O pessimismo que constata a decadência não é o mesmo que o desespero que se rende a ela. O cristão deve olhar o abismo, sim, mas com a cruz nas mãos. “Veni Domine Iesu” (Ap 22,20) não é um grito de desespero, é o clamor do amor ferido, da alma que espera o retorno do Esposo. É o gemido da Terra que, cansada de tanta corrupção, suplica pela vinda do Justo.

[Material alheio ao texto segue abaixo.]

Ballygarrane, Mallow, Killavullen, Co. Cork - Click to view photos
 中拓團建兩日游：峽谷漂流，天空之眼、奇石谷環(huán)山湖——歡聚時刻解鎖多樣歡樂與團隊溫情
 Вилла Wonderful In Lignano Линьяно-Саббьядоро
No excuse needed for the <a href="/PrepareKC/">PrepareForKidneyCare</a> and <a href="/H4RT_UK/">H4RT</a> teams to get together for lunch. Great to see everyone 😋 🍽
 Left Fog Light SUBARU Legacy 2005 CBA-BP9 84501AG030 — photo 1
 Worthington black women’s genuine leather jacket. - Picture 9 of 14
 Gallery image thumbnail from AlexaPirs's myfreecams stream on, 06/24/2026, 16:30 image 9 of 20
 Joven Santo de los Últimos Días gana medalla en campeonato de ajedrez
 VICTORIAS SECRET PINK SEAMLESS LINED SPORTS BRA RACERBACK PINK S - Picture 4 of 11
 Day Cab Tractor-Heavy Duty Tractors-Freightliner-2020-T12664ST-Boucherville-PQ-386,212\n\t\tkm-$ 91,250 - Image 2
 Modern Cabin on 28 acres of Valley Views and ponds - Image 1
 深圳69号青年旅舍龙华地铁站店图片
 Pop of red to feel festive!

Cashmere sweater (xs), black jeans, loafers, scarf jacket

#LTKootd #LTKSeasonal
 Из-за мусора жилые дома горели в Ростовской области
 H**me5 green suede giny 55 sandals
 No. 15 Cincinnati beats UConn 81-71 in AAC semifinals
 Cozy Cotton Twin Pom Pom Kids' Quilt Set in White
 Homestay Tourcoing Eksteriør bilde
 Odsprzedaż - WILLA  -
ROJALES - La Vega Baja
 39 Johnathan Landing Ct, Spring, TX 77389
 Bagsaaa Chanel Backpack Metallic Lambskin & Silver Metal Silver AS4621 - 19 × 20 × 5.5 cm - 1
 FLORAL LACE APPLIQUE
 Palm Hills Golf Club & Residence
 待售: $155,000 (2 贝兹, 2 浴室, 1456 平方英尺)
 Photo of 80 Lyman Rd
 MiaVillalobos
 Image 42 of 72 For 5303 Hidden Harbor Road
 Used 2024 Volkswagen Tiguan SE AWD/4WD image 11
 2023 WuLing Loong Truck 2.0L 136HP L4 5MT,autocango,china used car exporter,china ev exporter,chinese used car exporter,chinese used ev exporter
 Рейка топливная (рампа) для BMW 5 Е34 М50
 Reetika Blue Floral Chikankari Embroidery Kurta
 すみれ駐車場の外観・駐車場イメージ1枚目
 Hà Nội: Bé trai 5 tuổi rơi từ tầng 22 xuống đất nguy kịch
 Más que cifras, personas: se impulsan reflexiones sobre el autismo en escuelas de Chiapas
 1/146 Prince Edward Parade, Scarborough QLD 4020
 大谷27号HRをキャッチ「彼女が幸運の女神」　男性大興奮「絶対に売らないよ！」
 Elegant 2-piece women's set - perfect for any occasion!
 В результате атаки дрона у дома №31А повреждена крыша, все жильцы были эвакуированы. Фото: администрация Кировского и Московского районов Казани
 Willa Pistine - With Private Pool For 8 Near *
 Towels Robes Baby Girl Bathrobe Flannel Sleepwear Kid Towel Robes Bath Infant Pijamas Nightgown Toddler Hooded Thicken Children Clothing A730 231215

Não cabe a nós apressar os tempos, mas preparar os corações. O Reino de Deus não se impõe por decreto, mas se insinua pela santidade dos poucos fiéis. Um punhado de justos pode sustentar uma cidade — como os dez de Sodoma poderiam tê-la salvo. Que cada cristão no Rio seja um desses dez, e talvez a misericórdia ainda adie o juízo.

Enquanto isso, perseveremos no trabalho discreto e árduo da formação. Catequizar é reconstruir. Educar é resistir. Rezar é edificar muros invisíveis contra a barbárie. Que os Carmelitas se lembrem de sua vocação: ser sentinelas no deserto, intercessores entre o Céu e a Terra. A oração contemplativa é o verdadeiro antídoto contra o caos, pois reconcilia o homem com o Eterno.

E assim, mesmo que a restauração plena só venha em trinta anos — ou cem —, permanece a certeza de que o mal é efêmero e o bem é invencível, pois tem por raiz o próprio Deus. Que Ele, o Senhor da História, converta nossa indignação em zelo, nosso cansaço em fidelidade e nossa esperança em profecia.